PROVIDED RECORDS

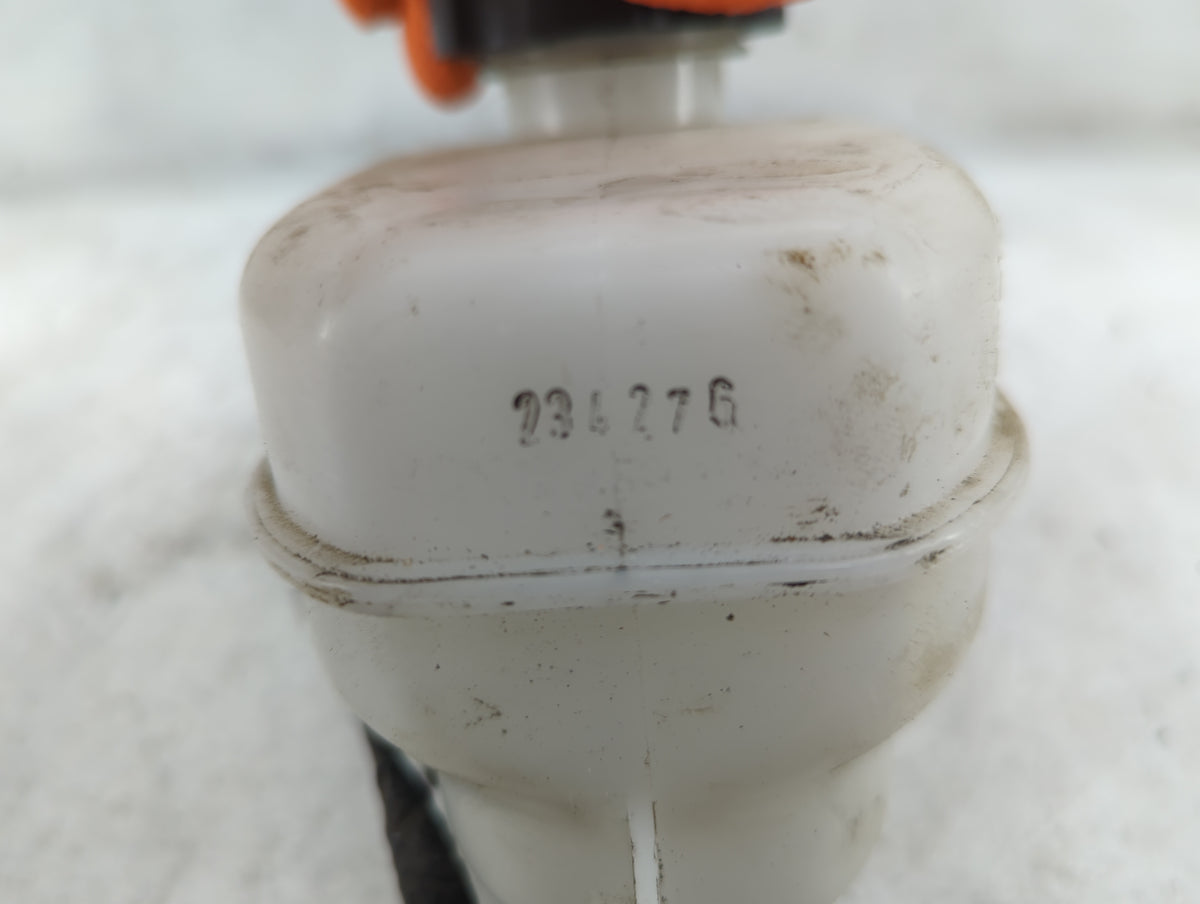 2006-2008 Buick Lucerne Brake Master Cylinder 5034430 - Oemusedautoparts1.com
* * *
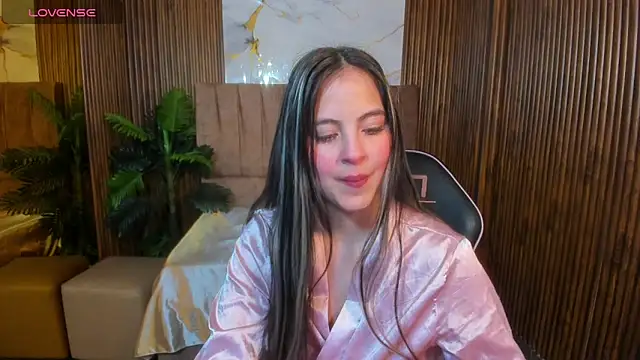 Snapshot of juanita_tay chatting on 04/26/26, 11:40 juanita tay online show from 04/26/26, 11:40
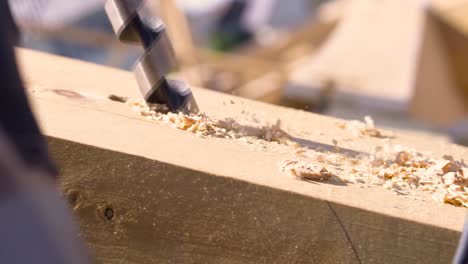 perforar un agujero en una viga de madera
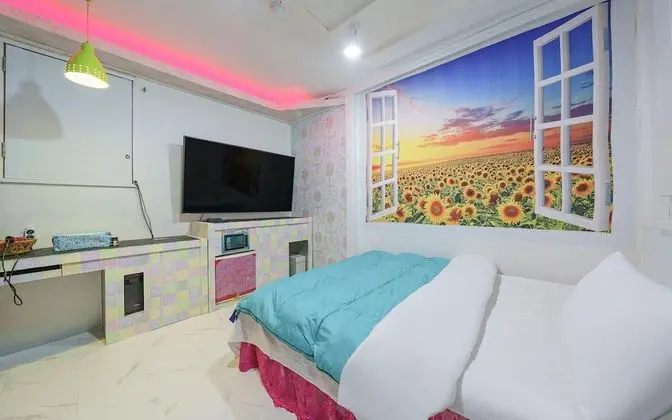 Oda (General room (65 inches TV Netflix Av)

TASK
Only one stretch of the listing is wanted: the lines starting at the one with "Snapshot of juanita_tay" and ending at the one with "Oda (General room (65 inches TV Netflix Av)", copied exactly and free of pictures.

SOLUTION FOR THIS PROBLEM
 Snapshot of juanita_tay chatting on 04/26/26, 11:40 juanita tay online show from 04/26/26, 11:40
 perforar un agujero en una viga de madera
 Oda (General room (65 inches TV Netflix Av)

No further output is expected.